Western blot analyses of 5-day fruit from HT and HS lines at the control temperature (25/20 °C, day/night) and after 24-h mild heat stress (30/25 °C, day/night). (A) Protein gel blot analysis of CWIN, Lin5. Arrowhead indicates position of Lin5 at 64 kDa. (B) Protein gel blot analysis of invertase inhibitor, INVINH1. Note, a band at the predicted size of 16.4 kDa for INVINH1 (arrowhead) was evident at the control temperature for both lines but became hardly detectable at mild heat stress. (C) Coomassie blue stain of SDS/PAGE gel of cell wall protein of 5-day fruit from the HT and HS lines.

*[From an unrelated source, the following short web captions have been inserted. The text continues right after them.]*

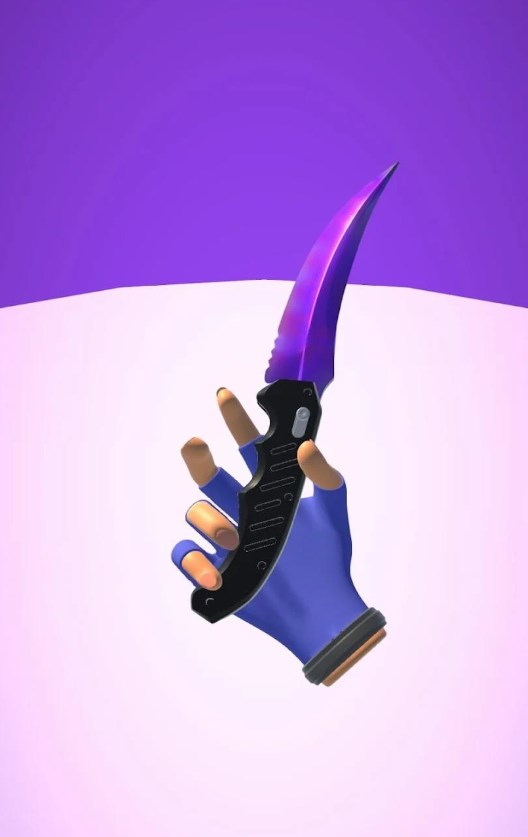 最酷之刀(Get The Best Knife)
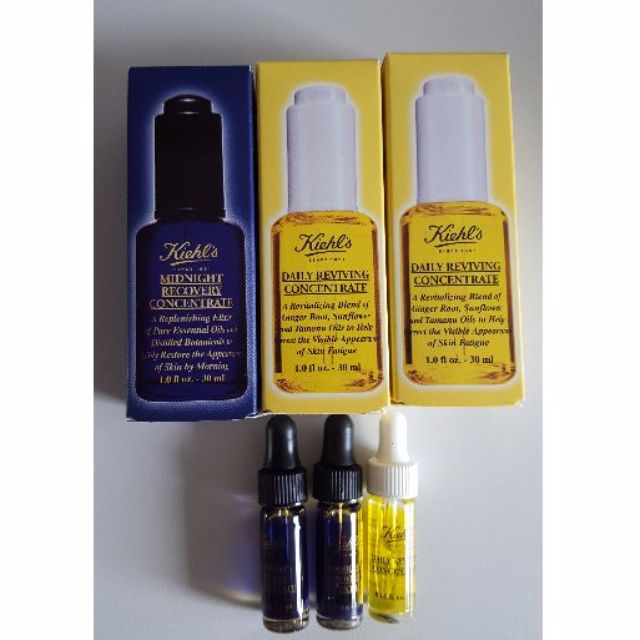 midnight recovery concentrate sample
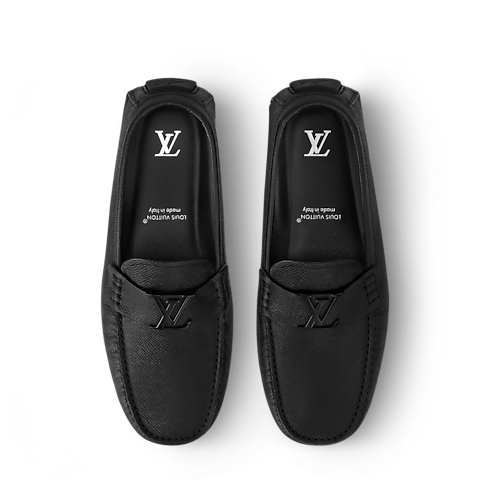 LV Monza Taiga in Men's Shoes Loafers and Moccasins collections by Louis Vuitton (Product zoom)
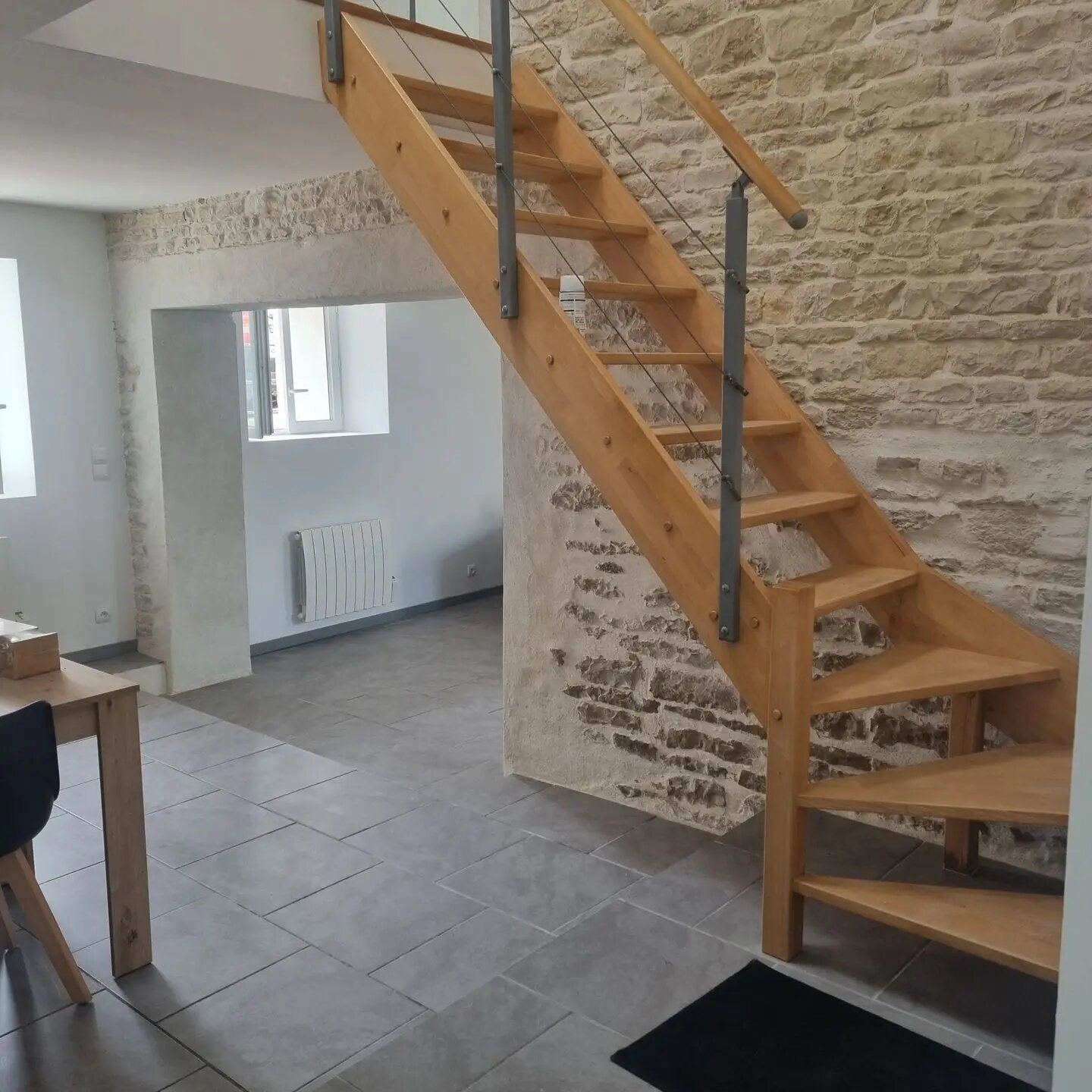 Maison à vendre, 110m², Mauzé-sur-le-Mignon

The far-right lane is a molecular-mass-marker lane.

Fig. 8.

RT-PCR analysis of expression levels of two sHSP genes and one senescence gene (LePLDa1) of 5-day fruit from HT and HS lines exposed to the control temperature (25/20 °C, day/night) and after 24-h strong heat stress (36/28 °C, day/night). The sHSP genes, LeHsp 17.4-CII and LeHsp 17.6-CII, were amplified by 30 cycles and the senescence gene, LePLDa1, was amplified by 25 cycles. The reference gene, Actin, was amplified at 30 cycles.